4.4. Hybrid Path Planner–HPP

The algorithms for path planners HPP and HIPP were devised after studying results from our simulation experiments. What we observed was that the LPP would perform best, in terms of VoI accumulation, when there where no catastrophes, i.e., VoI profiles were similar across all the sensor nodes. Contrarily, GPP and GIPP performed better in the scenario where the sensor nodes were reporting catastrophes.

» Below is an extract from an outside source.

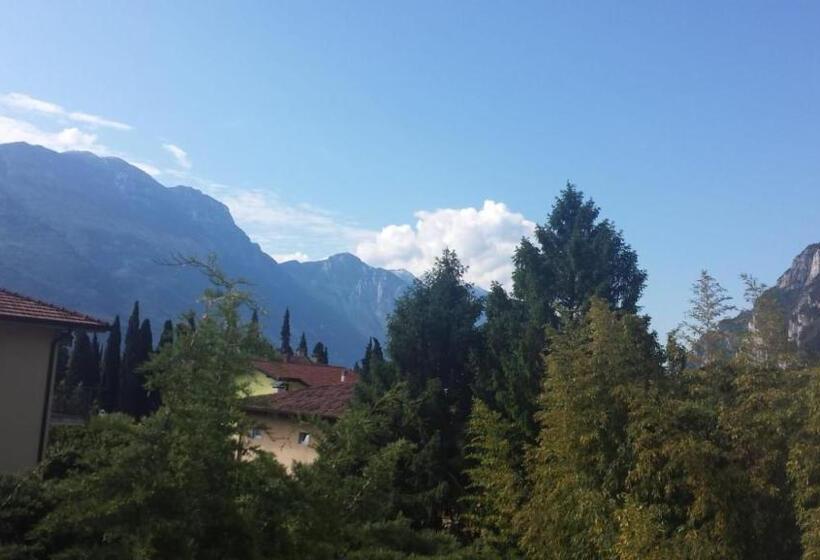 بنسيون Eagle Rooms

Algorithm 4 Hybrid Path planner–HPP.
1: procedure HPP(S, $s_o$)
2:     $S\leftarrow \{s_1,s_2,\dots ,s_n\}$	▹ Set of sensor nodes
3:     $V\leftarrow \varnothing$	▹ Visitation sequence
4:     $S_{HP}\leftarrow \{s_m\mid s_m\in S\wedge s_m$ is high-priority}	▹ Set of high-priority sensor nodes
5:     $S_{LP}\leftarrow S-S_{HP}$	▹ Set of low-priority sensor nodes
6:     $V\leftarrow$ GPP($S_{HP}$, $s_o$)
7:     $V\leftarrow V+$ LPP($S_{LP}$)
8:     return V
9: end procedure

So the thought process behind this path planner is to use a greedy algorithm (GPP or GIPP) for retrieving data from nodes that are reporting catastrophes, while, using TSP like algorithms (LPP) for retrieving data from the rest of the nodes. This implies switching a greedy and a shortest path algorithm and so the name Hybrid Path Planner. HPP switches between GPP and LPP.

The algorithm for HPP is given as Algorithm 4. The complexity of this algorithm is $\mathcal{O}(h^2+l)$ where h is the number of high-priority sensor nodes while l is the count of low-priority sensor nodes. $\mathcal{O}(h^2)$ is the complexity of GPP being used within HPP while $\mathcal{O}(l)$ is the complexity of LPP. As $h\le n$ and $l\le n$, therefore, the complexity of HPP is determined as $\mathcal{O}(n^2)$.

4.5. Hybrid Path Planner with Intermediate-Node-Visitation–HIPP

HIPP has the same logic behind it as HPP but the only difference is that it uses GIPP instead of GPP. The algorithm first discovers the hot-spots, i.e., catastrophe reporting nodes and then it finds the intermediate nodes that can be visited. Afterward, these nodes are visited using GIPP while the rest of the nodes are visited using LPP.

The algorithm for HIPP is given as Algorithm 5. The complexity of this algorithm is $\mathcal{O}(h^3+l)$ where h is the number of high-priority sensor nodes while l is the count of low-priority sensor nodes. Similarly, as in the case of HPP, $h\le n$ and $l\le n$, therefore, the complexity of HIPP is determined as $\mathcal{O}(n^3)$.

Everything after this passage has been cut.